Assignment
Within the records that follow, restate exactly the lines from the line with "Wholesale European and" down to the line with "por que gusta", including both. Omit the pictures.

Exercise material
::::

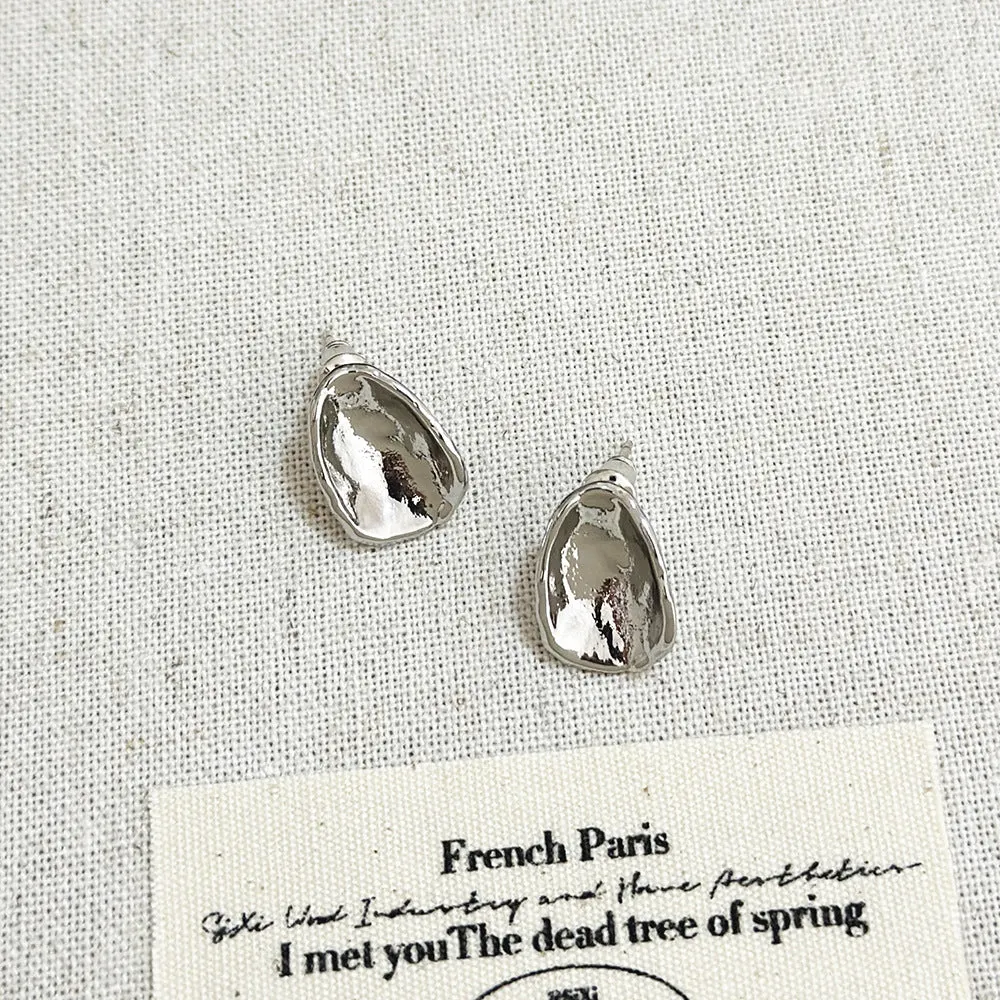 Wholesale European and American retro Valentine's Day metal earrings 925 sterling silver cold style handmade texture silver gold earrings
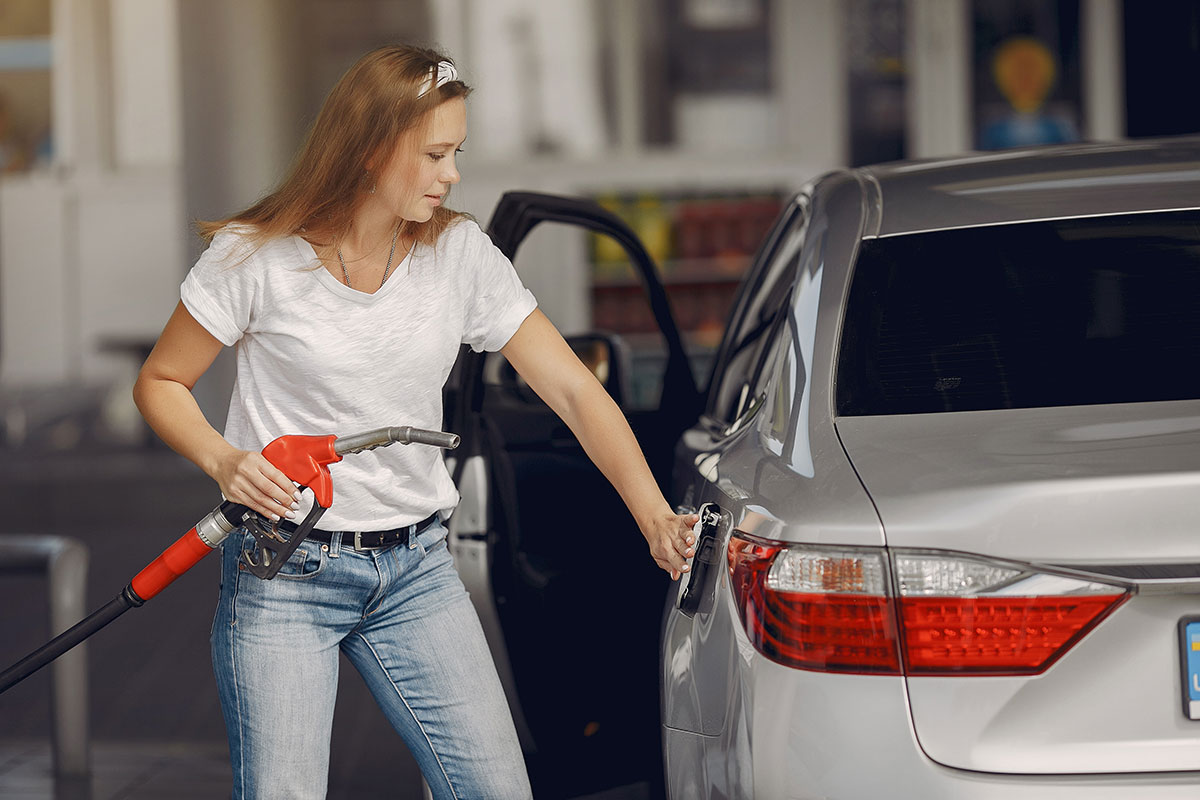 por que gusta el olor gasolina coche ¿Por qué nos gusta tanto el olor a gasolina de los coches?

::::

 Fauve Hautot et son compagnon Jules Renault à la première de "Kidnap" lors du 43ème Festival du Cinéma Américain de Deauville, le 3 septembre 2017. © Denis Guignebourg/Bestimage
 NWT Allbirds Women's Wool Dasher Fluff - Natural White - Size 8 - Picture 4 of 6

::::

Exercise solution
 Wholesale European and American retro Valentine's Day metal earrings 925 sterling silver cold style handmade texture silver gold earrings
 por que gusta el olor gasolina coche ¿Por qué nos gusta tanto el olor a gasolina de los coches?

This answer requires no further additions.